It is increasingly common to see a requirement for selection criteria for public sector applications to take the form of ‘a cover letter of no more than two A4 pages’. Yet the position description document still lists the selection criteria requirement statements in full.
What do you do? Is this a simpler application requirement than ‘full-form’ selection criteria responses so you don’t have to do so much work? Can you just use a normal cover letter?
In short, no.
You have to address selection criteria properly to get the interview
For personal one-to-one help, see our Selection Criteria Service page.
Selection criteria have always been a particularly tough and thorough form of application assessment. I’m sure some of you will have first-hand experience of writing ten page submissions to some applications. Someone at the other end obviously has the job of assessing all those applications and it is the extent of all that assessment work that has driven the move towards a requirement for more succinct responses.
If they set selection criteria, you still have to address them properly to get the interview. That means all of the requirements for a ‘full-form’ response are still there. You just have fewer words to do it in.

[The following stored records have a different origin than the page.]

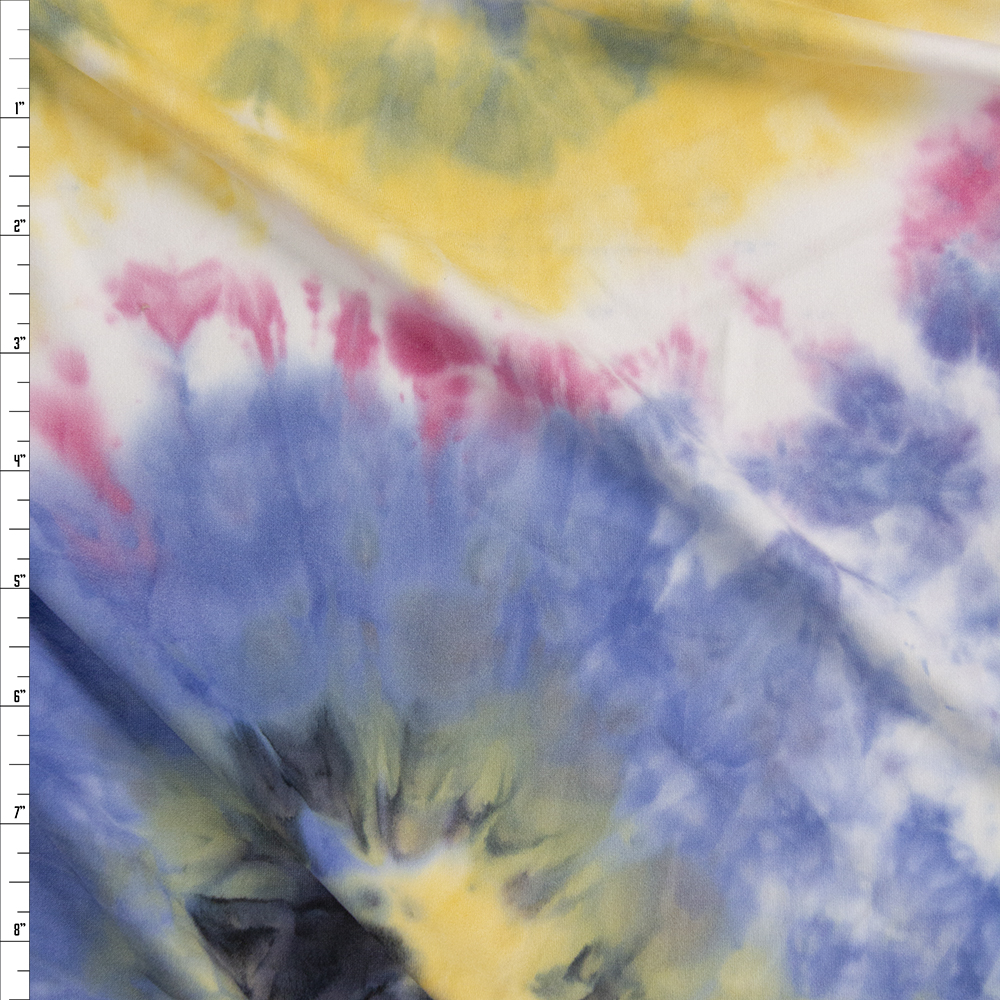 Black, Pink, Yellow, and Blue Tie Dye Double Brushed Poly/Spandex Fabric By The Yard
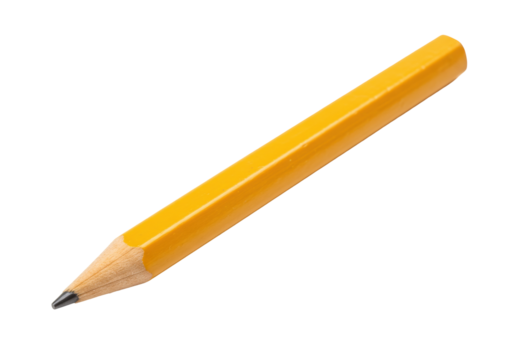 Isolated yellow-painted pencil, graphite point sharpened, writing instrument for school or office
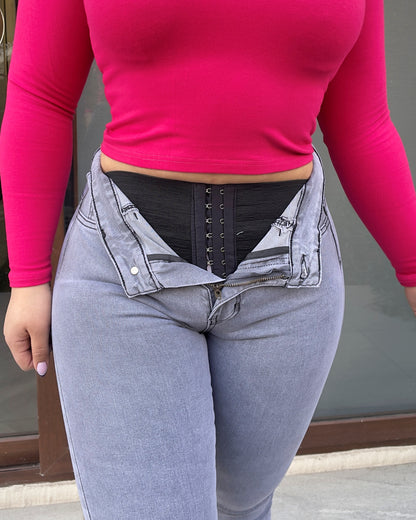 EZ5504  | Jeans Skinny Con Faja Gris  | EZ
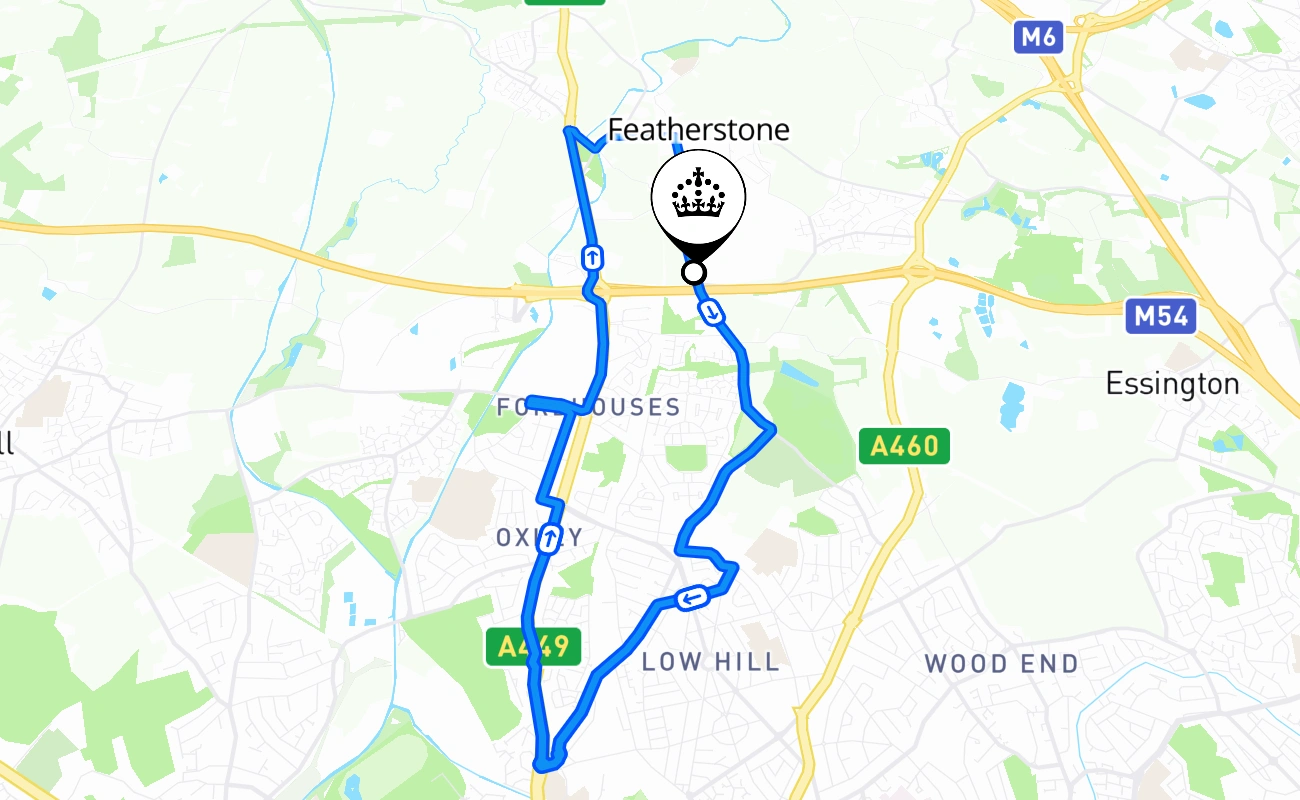 Featherstone driving test route #2023 map - ENG United Kingdom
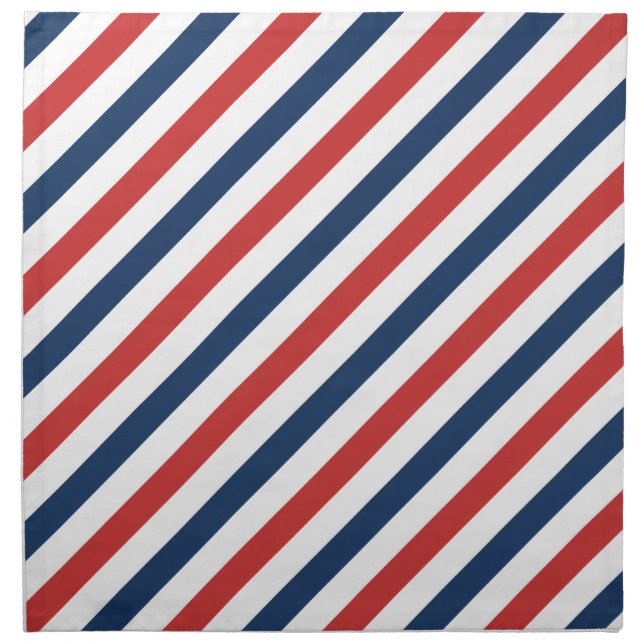 Patriotic Red White and Blue Stripes Cloth Napkin (Front)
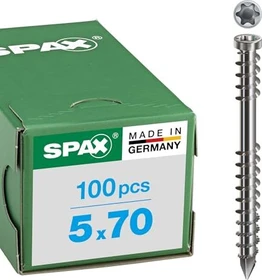 Spax Edelstahl rostfrei A2 T-STAR plus T25 Terrassenschraube, 5x70mm, 100 Stück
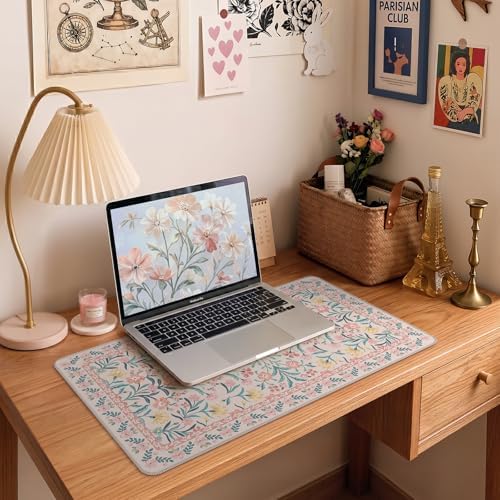 iCasso Aesthetic Mouse Pad for Office Decor,23.6x13.7in,Pink Floral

That makes the writing harder and the assessment easier, which is exactly what the employing organisation is aiming for. They want to see a succinct, to the point application that shows that you meet their requirements. Without waffle.
Key requirements for selection criteria responses
The key requirements for selection criteria responses must still be followed for this short form approach:
- Your responses must actually address each criterion. (This is where most applications fail.)
- Each response must show evidence that you meet the criterion. If you see words in the criterion like ‘Proven’, ‘Demonstrated’ or ‘Applied’, that is a very clear instruction to show evidence.
- That means examples from your career that you work through to show that you have the experience and skills that they want.
- The STAR (Situation, Task, Action, Response/Result) method is still the best approach.
- Theoretical or academic-approach responses will not score well.
- Responses without hard evidence will not score well.
- Each criterion will be assessed separately.
In other words, exactly the same requirements as for ‘full-form’ selection criteria responses.
The job gets harder as the word count gets lower, not the other way around.